I called Aunt Mae to thank her, promising to take good care of her gift. Take care of it I would, for I knew the purse would probably never leave its box. And it didn’t until about three weeks later. Getting ready to attend a business meeting I chided myself, “I’m a business woman, so look like one.”
I took the Coach box containing the purse down from the top shelf of my closet. I transferred from the old to the new; then put them all back into my old purse. I did this routine at least three times before I gave in. I forced myself to walk out of the door with my new purse; it’s a purse for crippe’s sake. At the meeting I found myself moving the bag from the floor to a chair to my lap, worried sick about anything marking it. I hid it from view not wanting undue attention paid to it or its owner. After the meeting I had to make another stop. Sure enough when I stood at the reception desk the young woman remarked, “That bag could be my retirement!” That’s it, I told myself, I can’t pull this off. Back into the box and onto the shelf the purse went.
Telling my friends of my oh-so-unfortunate (sarcasm here) quandary, their response is to take the bag to a Coach store for cash or credit. “Oh, I couldn’t possibly,” I say, “Aunt Mae will visit sometime and I better be using that purse!”
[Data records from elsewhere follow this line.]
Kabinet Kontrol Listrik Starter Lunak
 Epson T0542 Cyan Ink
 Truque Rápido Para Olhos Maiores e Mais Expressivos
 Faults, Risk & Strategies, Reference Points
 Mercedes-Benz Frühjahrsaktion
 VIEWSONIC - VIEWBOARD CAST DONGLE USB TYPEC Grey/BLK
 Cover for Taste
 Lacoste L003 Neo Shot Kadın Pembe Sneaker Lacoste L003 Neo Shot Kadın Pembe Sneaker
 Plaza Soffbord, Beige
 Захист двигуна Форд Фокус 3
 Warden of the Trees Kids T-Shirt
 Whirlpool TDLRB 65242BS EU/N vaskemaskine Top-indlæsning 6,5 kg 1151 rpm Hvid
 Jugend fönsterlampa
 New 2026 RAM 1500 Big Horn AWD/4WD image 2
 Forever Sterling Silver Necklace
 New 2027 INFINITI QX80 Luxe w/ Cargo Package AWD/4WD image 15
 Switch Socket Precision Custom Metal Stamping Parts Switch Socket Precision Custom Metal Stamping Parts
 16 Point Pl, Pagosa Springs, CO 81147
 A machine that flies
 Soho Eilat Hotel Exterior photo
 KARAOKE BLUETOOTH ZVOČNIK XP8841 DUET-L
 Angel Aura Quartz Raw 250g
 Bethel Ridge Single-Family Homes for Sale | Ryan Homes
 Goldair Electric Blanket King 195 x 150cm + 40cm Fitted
While I am utterly grateful to my aunt for her generous spirit and love of me, I just can’t wrap my head around such extravagance as my own personal possession. I am petrified of ballpoint pens marks, gum that some inconsiderate fool spit on the ground, or my ratty-old makeup bag giving the Coach bag apoplexy because of its inferiority. Remember me? I can’t throw out old tin cans. So there sits my beautiful new Coach bag all snug and secure in its box, on the shelf, under armed guard. Maybe someday I’ll have the nerve to give it light but until then I’ll keep using the Anne Klein bag I took from my best friend’s Goodwill pile.